Plugin: Human-readable document type

Purpose

Use this plugin if you need to curate the file type names that are recorded for documents, if presenting file type information in facets or result summaries.

The file type metadata produced by the crawler does not produce nice labels for detected filetypes, or apply any logical groupings when assigning the type.

If used for faceted navigation, this results is a file type facet that is not very useful, resulting in choices like text/html, doc, docx.

This plugin produces an alternate file type metadata field that is much better suited to use in faceted navigation and search results display, and also includes additional intelligence when detecting the file types. The plugin also provides configuration options that allows you to override and define file type labels and groupings.

By default, the plugin uses the discovered type to attach sensible labels and group the types as follows:

Discovered by Tika Saved in metadata

text/html

HTML

application/json

JSON

application/xml

XML

text/csv

CSV

image/jpeg

JPEG

application/vnd.ms-excel

Excel

application/vnd.openxmlformats-officedocument.spreadsheetml.sheet

Excel

application/msword

Word

application/vnd.openxmlformats-officedocument.wordprocessingml.document

Word

application/vnd.ms-powerpoint

PowerPoint

application/vnd.openxmlformats-officedocument.presentationml.slideshow

PowerPoint

application/pdf

PDF

application/zip

ZIP

application/rtf

RTF

The Discovered by Tika value is equivalent to the Parameter 1 value when setting the File type to assign configuration option. The Saved in metadata value is equivalent to value you define for the File type to assign configuration option. e.g. the first entry in this table is equivalent to a plugin configuration key of:

Configuration key name Parameter 1 Value

File type to assign

text/html

HTML

Users can override any type and/or add definitions to the table.

The file type metadata can then be used in subsequent filters, or for use in front-end functionality such as faceted navigation or search result display.

The plugin uses the Tika detector to assign the file type.

When to use this plugin

Use this plugin:

  • If you want to provide a file type facet, and want to be able to change the file types presented to users (e.g. Rich text document instead of rtf), or you wish to group several file types into a single item (e.g. Microsoft Word document instead of docx, doc, dot).

  • If you want to display the file type in your search result entries, and be able to control the file type shown to users.

  • If you need to group different file types together so that you can implement some conditional logic in your template based off this file type.

  • If you need to remove a set of documents matching a grouped file type from the search using a kill by query configuration, and you’re not easily able to exclude these documents by file name or extension.

Usage

Enable the plugin

  1. Select Plugins from the side navigation pane and click on the Human-readable document type tile.
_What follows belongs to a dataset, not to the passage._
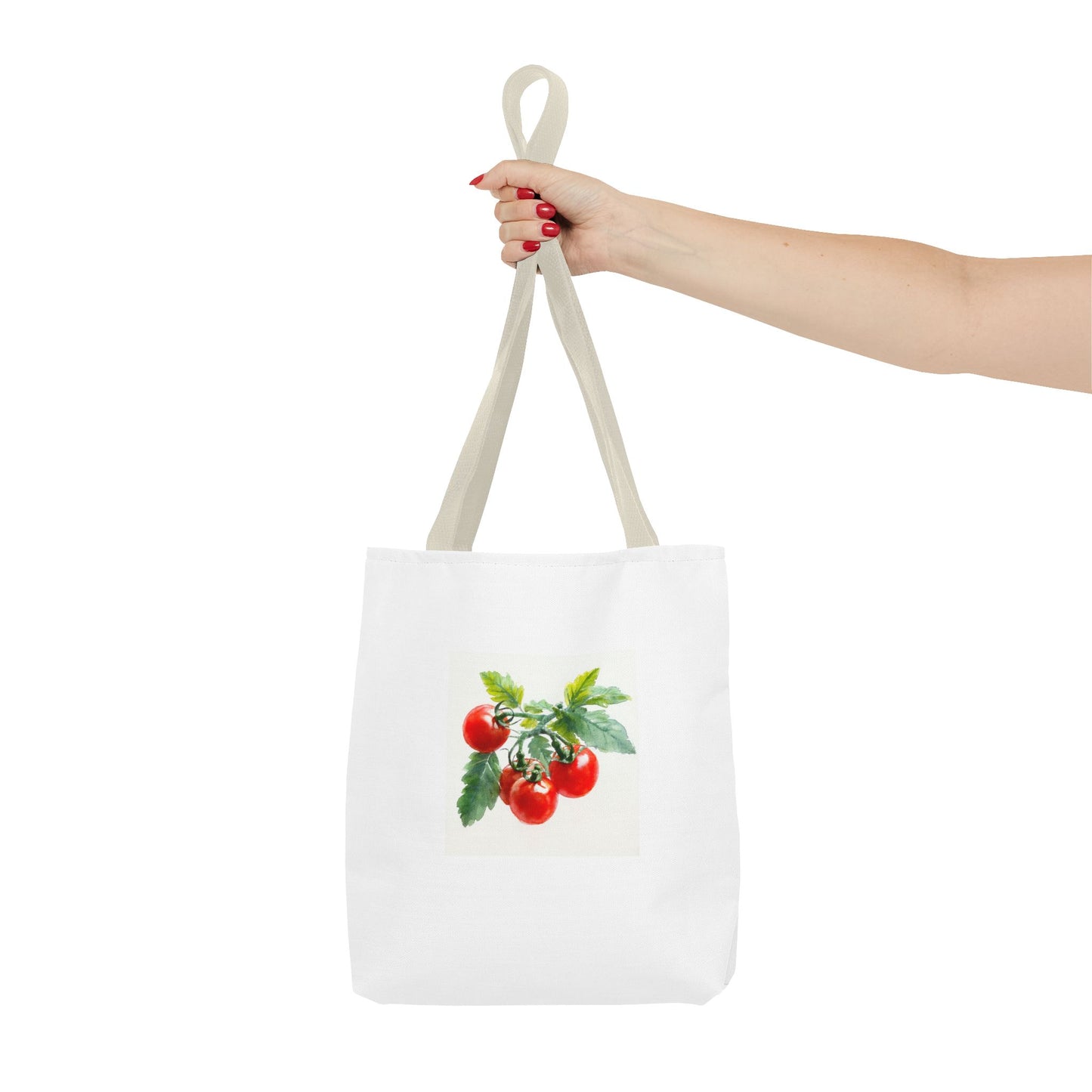 Tomato Print Tote Bag - Perfect for Farmers Markets, Grocery Shopping, Eco-Friendly, Gardening Gifts, Summer Outings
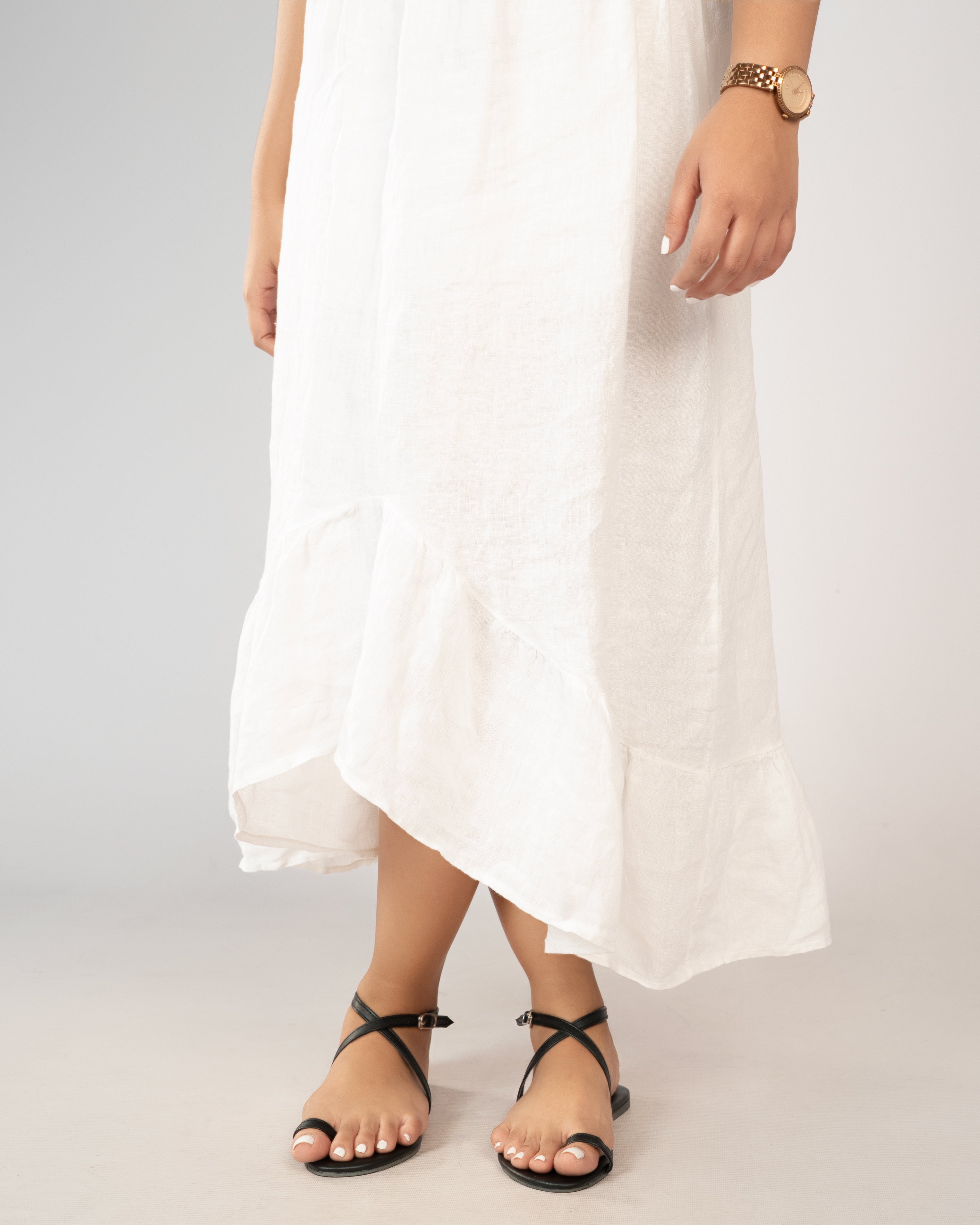 BLACK BAREFOOT SANDALS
  2. From the Location section, select the data source to which you would like to enable this plugin from the Select a data source select list.

The plugin will take effect after setup steps and an advanced > full update of the data source has completed.

Configuration settings

The configuration settings section is where you do most of the configuration for your plugin. The settings enable you to control how the plugin behaves.

The configuration key names below are only used if you are configuring this plugin manually. The configuration keys are set in the data source configuration to configure the plugin. When setting the keys manually you need to type in (or copy and paste) the key name and value.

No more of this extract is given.